Wir im Kultusministerium haben mehr fachliche und inhaltliche Kompetenzen, was den kulturpolitischen Aspekt angeht. Es ist wichtig, dass die kulturpolitischen Aspekte der Standortentwicklung stärker verzahnt und in den Mittelpunkt gestellt werden.
Für mich ist entscheidend: Was bleibt von dem, was die Gesellschaft im Saarland, die wesentlich durch die Montanindustrie geprägt ist, ausmacht? Ich bin davon überzeugt, dass der Zusammenhalt in der Gesellschaft sehr viel mit der historischen Entwicklung der Arbeitsbedingungen in der Industrie zu tun hat. So mussten die Leute unter Tage oder auch am Hochofen zusammenhalten, ob sie sich nun mochten oder nicht. Das wirkt im Saarland bis heute nach.
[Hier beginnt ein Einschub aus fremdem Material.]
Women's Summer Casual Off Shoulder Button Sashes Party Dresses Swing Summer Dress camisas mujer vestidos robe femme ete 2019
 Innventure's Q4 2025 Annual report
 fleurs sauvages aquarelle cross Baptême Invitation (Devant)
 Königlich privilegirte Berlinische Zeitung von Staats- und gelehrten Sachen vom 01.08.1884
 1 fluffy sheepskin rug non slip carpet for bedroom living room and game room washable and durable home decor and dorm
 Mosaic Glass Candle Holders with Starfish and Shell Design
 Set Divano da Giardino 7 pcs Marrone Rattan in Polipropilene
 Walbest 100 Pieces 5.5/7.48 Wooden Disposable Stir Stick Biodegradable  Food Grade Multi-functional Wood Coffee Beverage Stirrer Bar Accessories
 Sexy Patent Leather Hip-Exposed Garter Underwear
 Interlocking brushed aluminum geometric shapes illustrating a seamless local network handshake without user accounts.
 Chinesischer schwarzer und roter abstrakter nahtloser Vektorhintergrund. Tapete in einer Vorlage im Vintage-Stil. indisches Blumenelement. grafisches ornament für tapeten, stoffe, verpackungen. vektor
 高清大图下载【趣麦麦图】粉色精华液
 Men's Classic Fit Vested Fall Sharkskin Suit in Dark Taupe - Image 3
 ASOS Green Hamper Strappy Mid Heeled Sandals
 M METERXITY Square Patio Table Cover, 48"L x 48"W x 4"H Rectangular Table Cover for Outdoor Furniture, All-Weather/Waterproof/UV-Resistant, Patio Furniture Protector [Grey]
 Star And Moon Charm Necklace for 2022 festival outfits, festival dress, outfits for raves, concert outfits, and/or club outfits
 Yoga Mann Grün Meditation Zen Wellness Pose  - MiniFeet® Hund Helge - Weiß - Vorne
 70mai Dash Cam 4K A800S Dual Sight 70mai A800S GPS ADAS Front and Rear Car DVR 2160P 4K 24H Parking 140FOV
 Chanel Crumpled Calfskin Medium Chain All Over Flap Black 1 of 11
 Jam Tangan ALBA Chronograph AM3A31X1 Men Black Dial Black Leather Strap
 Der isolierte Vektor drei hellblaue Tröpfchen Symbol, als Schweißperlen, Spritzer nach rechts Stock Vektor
Haben Sie mit Schule und anderer Bildung nicht schon genug zu tun?
(lacht) Ich hatte in der vergangenen Legislaturperiode mit der Fertigstellung des Erweiterungsbaus der Modernen Galerie noch eine andere große Baustelle zu bewältigen – im wahrsten Sinne des Wortes. Jetzt kann die nächste Großbaustelle kommen. Im Wirtschaftsministerium hat man einen anderen Blick auf die Dinge. Das ist auch notwendig. Aber wir haben die Zusammenhänge zwischen Landesgeschichte und Gesellschaftspolitik im Blick. Das ist eine spannende Aufgabe und viele der Bereiche, die damit zu tun haben, sind einfach besser im Kulturministerium aufgehoben.
Was hat sich in Sachen Industriekultur in jüngster Zeit getan?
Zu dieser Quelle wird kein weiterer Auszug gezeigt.